We have both softwares. If you can send us all the ofm files, we can open them one by one and save them into dst or emb for you at a charge. PMB me the number of designs you have and I'll send you a quote.


----------



## StitchShoppe (Jun 1, 2006)

What version Wilcom software do you have? I run ES45 on windows XP.


----------



## artlife (Jan 15, 2010)

splattgraphics said:


> A buddy loaded his old .ofm files created in Melco over about 8 years, onto a portable hard drive for me. I run Wilcom software. Is there an efficient way for me to re-save them all at once in a format I can then browse, pull into Wilcom, edit if needed, and run on my SWF machine?

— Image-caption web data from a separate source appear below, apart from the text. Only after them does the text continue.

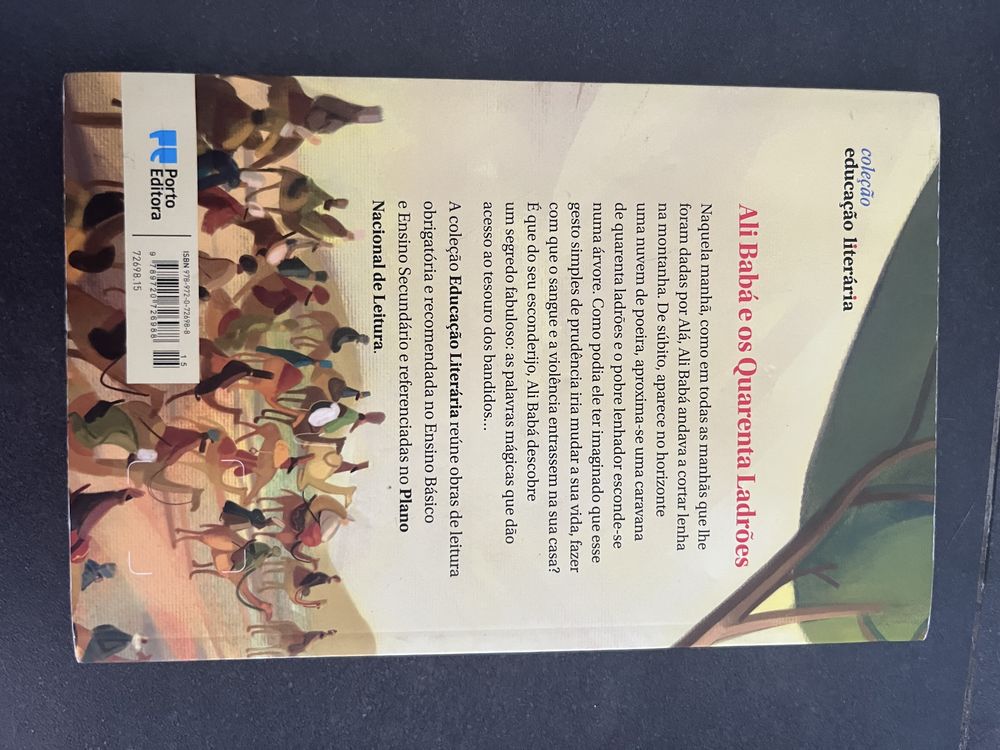 Livro “Ali babá e os 40 ladrões”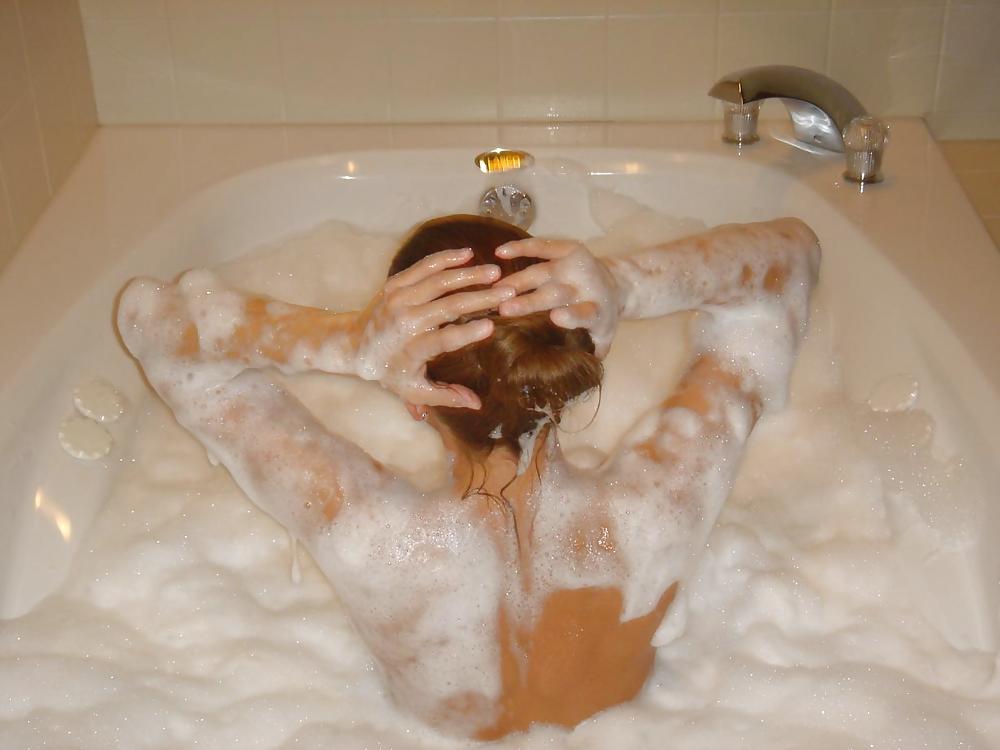 Amateur MILF Poses + Bathes #2622794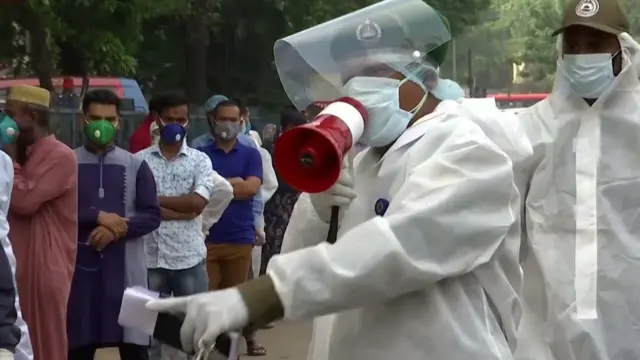 ভাইরাসের ব্যাপক সামাজিক সংক্রমণের কারণে এখন ঢাকার বাইরে‌ও প্রত্যন্ত এলাকায় প্রচুর রোগী শনাক্ত হচ্ছে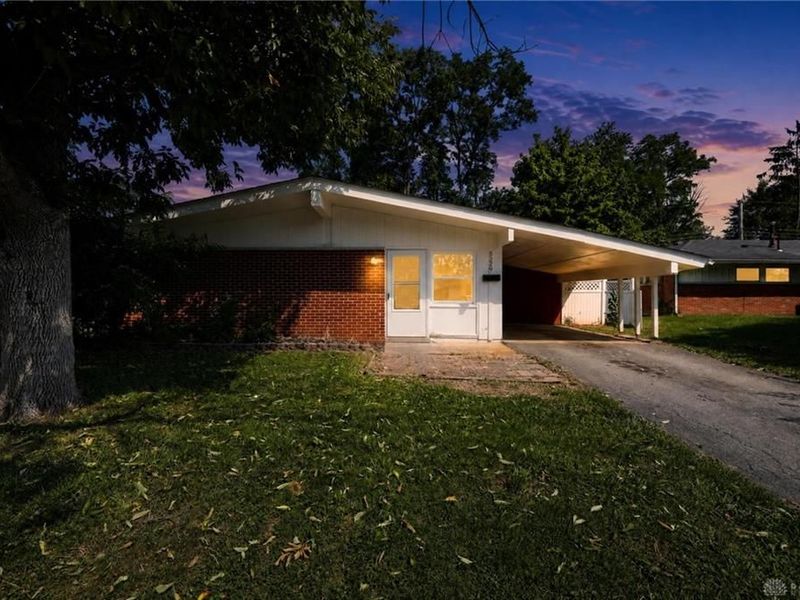 5229 Bayside Drive, Riverside, OH 45431 Photo 1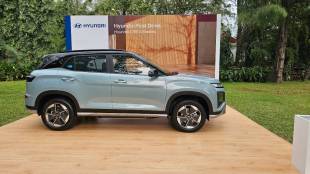 Why Hyundai's Midsize SUV Fortress Resists Rivals but Squeezes Brand Market Share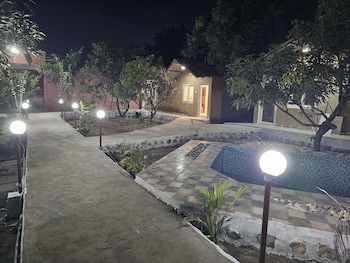 the ashok vatika farms and stay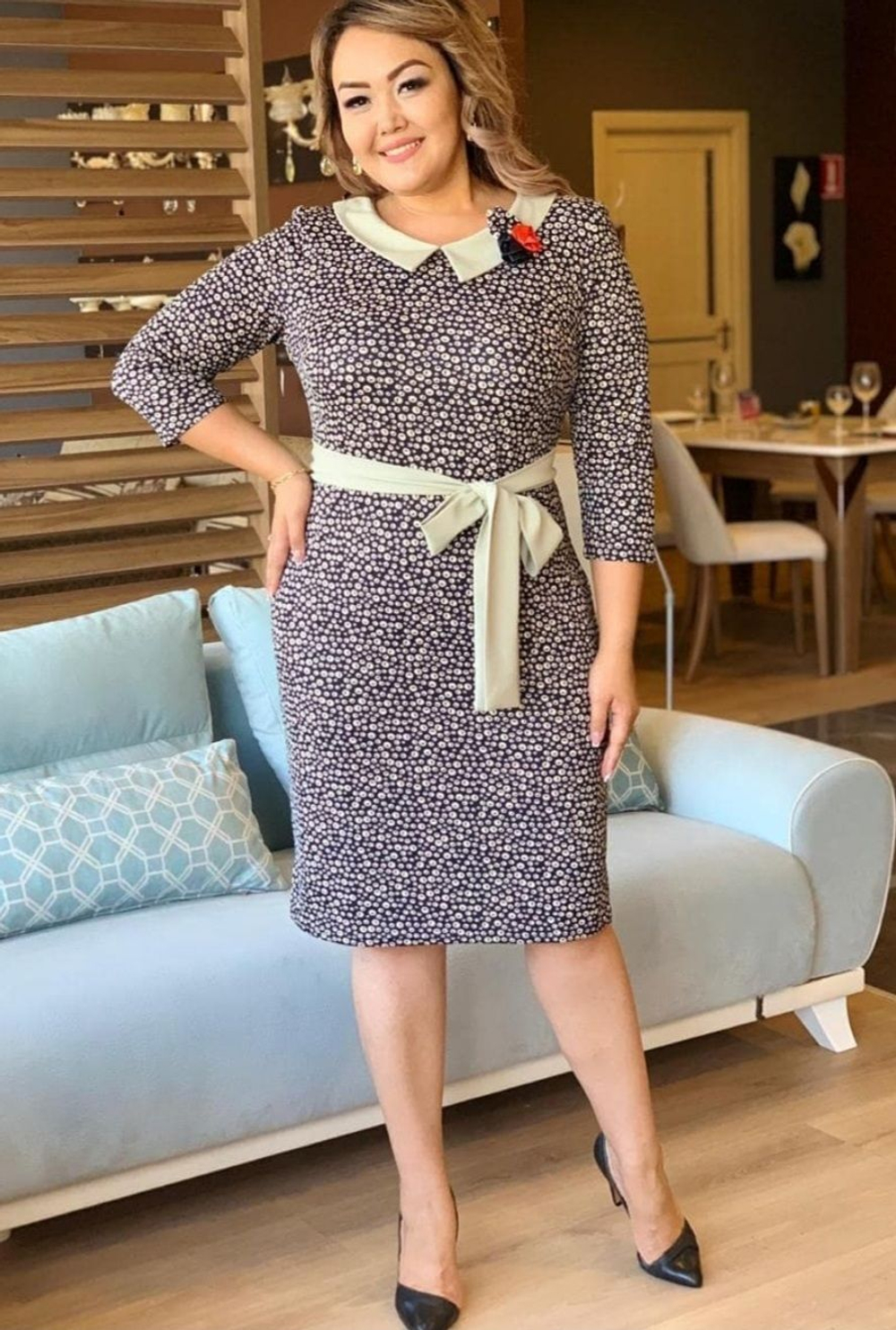 Платье женское нарядное праздничное бежевое телесное в горох принт на праздник повседневное в офис на работу рабочее юбка с поясом пояс коктейльное  болотное трикотажное стрейч большой размер 48 трикотаж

I think embroidermodder can do that (convert to dst)
Downloads - Embroidermodder


----------



## smo (May 1, 2015)

Wilcom Trusizer will do it. Its designed to convert embroidery formats.


----------



## NiceThreadsLLC (Mar 20, 2012)

Or there is also Melco sizer, you can export the ofm files to cnd which might import the designs into wilcom with the outlines intact... It might mess up some other stuff though, cnd seems to be interpreted differently by different software packages.


----------